First, T-Mobile deleted my voicemail account. I've been so busy, and as far as I could see no one left me any messages (because, you see...well, yes, you do see...), so I just discovered this now.
So if you've called recently, and weren't able to leave a message, it's T-Mobile's fault.
Then there was the fritzy Webcam.
And to cap Erev New Year's Eve for me, SBC Global (now, apparently, part of AT&T again) dropped Inner Drive's DSL for five hours (to the minute, which is suspicious). They don't know why. Nor did the first two support techs believe me when I told them exactly which router was down. (I've been here before.)
Now, everything seems to be working. And the year is almost over. So, happy new year, and I hope the Anti-Technology Gods are appeased.
First, from the Strange Editorial Priorities department: these were the headlines on MSNBC's top headlines today:
WP: CIA program withstands furor
The effort President Bush authorized shortly after Sept. 11, 2001, to fight al Qaeda has grown into the largest CIA covert action program since the height of the Cold War. http://www.msnbc.msn.com/id/10644533/
West Coast gets more rain
The West Coast was expected to end 2005 with a bang of winter weather: two storm fronts that could bring as much as 10 inches of rain in Northern California and snowfall of up to six feet in some mountain areas. http://www.msnbc.msn.com/id/10632481/
N. Korea cuts off U.N. food aid
As Pyongyang's Stalinist government moves to reassert control over the food supply, some experts fear that it could lead the isolated country into another famine. By Kari Huus. http://www.msnbc.msn.com/id/10631108/
Now, I like weather, but come on. Maybe these stories could have been re-ordered?
Second, for those of you who missed me, SBC, which has now apparently merged with AT&T (didn't they break up in 1984?), dropped my DSL from 4:09 CT/22:09 UTC until a few minutes ago. Gotta love 'em.
Correction, 25 January 2006 12:00 CST/18:00 UTC: The problem described below turned out to be a bad individual camera. Logitech was great, replacing the bad camera with a new one, no questions asked. The new camera has been running without interruption for several weeks now.
The original blog entry follows:
I can't believe how much time is being sucked away from me by this broken Webcam problem. I am now on hold with Logitech, and though my call is very important to them, they are experiencing higher-than-normal call volumes, so they'll take my call in the order it was received.
I got a Logitech Orbit MP that should have been a tremendous improvement over the Intel Cam III I've been using for two years. The poor Intel camera is unstable, half-burned-out, slow, and basically showing its age.
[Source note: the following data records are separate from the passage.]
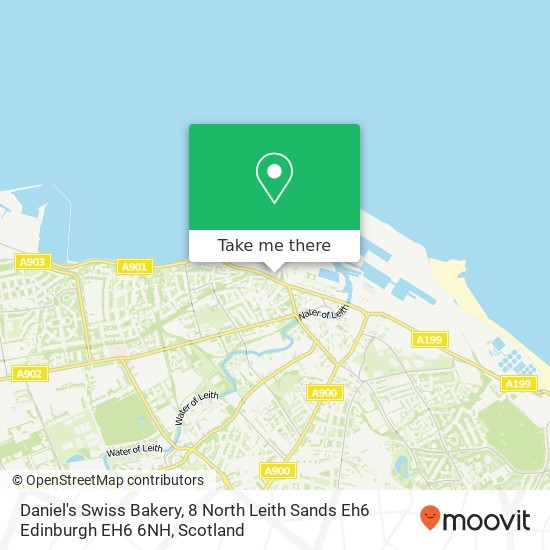 Daniel's Swiss Bakery, 8 North Leith Sands Eh6 Edinburgh EH6 6NH map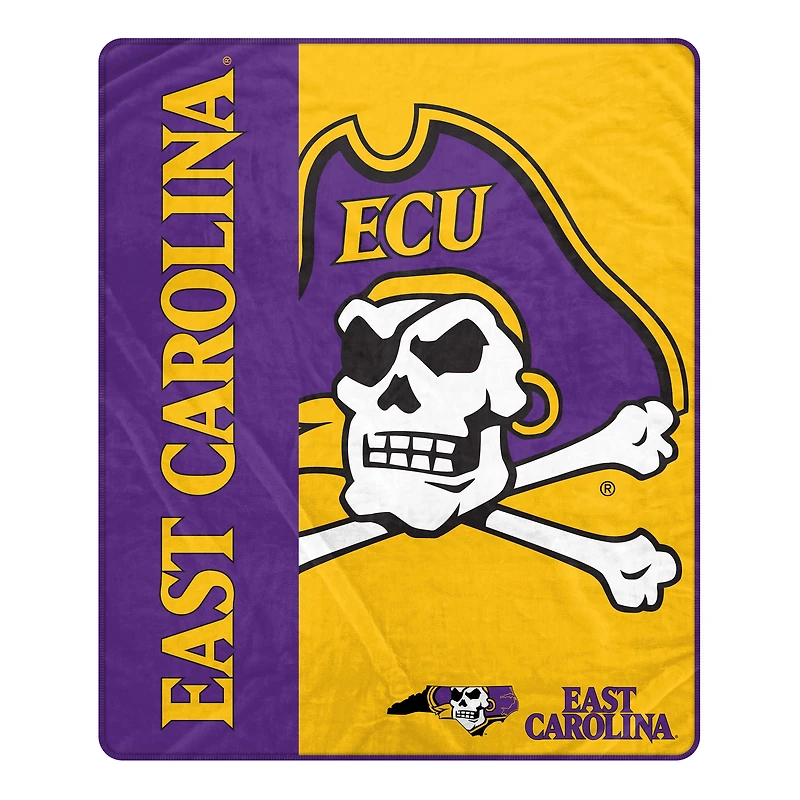 Pegasus ECU Pirates 60" x 80" Endzone Ultra Soft Throw Blanket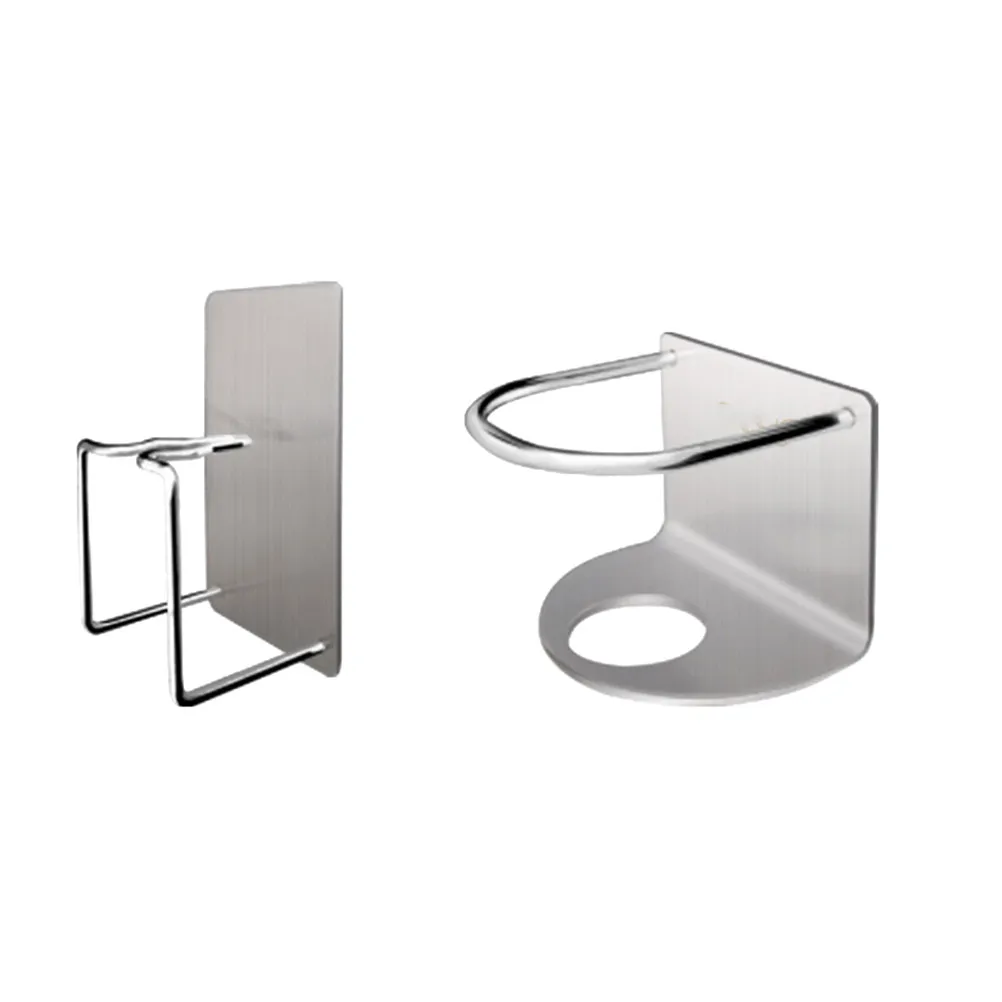 

2 шт. настенных держателей для зубных щеток и пасты из нержавеющей стали 304, компактный органайзер для ванной комнаты, подставка для зубных щеток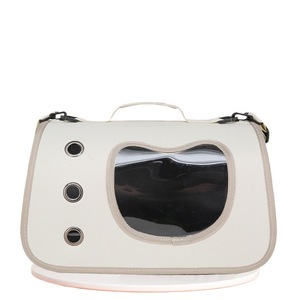 Mochila Portátil Plegable Multifuncional para Mascotas, Transpirable, Tipo Cápsula Espacial, de un Solo Hombro, para Perros y Gatos - Product Image 1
The new Logitech camera should be none of these things, and should have the added benefit of being able to tilt and pan so that it's never looking directly at the sun, as my poor Intel camera has on occasion done.
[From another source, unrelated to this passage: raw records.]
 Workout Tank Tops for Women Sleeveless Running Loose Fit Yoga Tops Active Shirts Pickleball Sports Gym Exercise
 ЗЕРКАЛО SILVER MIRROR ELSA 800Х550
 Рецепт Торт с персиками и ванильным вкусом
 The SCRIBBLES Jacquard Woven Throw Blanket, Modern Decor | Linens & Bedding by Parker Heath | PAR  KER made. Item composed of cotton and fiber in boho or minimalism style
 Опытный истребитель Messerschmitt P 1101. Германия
The Logitech camera worked beautifully on my laptop. Then it worked really well right away when I connected it to the old server. Then I logged into the server remotely, and the image froze. Then I couldn't get the server to recognize the camera. After six reboots, I thought the problem was the Belkin USB extension cord. So I moved the camera to another computer, closer to the window, for the time being.
Now the camera doesn't work at all. Nothing I can do will get the computer to recognize it. In fact, it's acting dead. Thus my call to Tech Support, which is a prerequisite to sending it back for replacement.
Let's count the damage so far: Three hours of time that I should have spent installing a server for a client (they're out of the office until Tuesday so there's at least no rush there), a parking ticket (my fault, I know), and probably an aneurism.
Final update before heading to client, 18:56 UTC: After 21 minutes of holding and a 6-minute conversation, Logitech is replacing the camera. So look in about two weeks for the second attempt.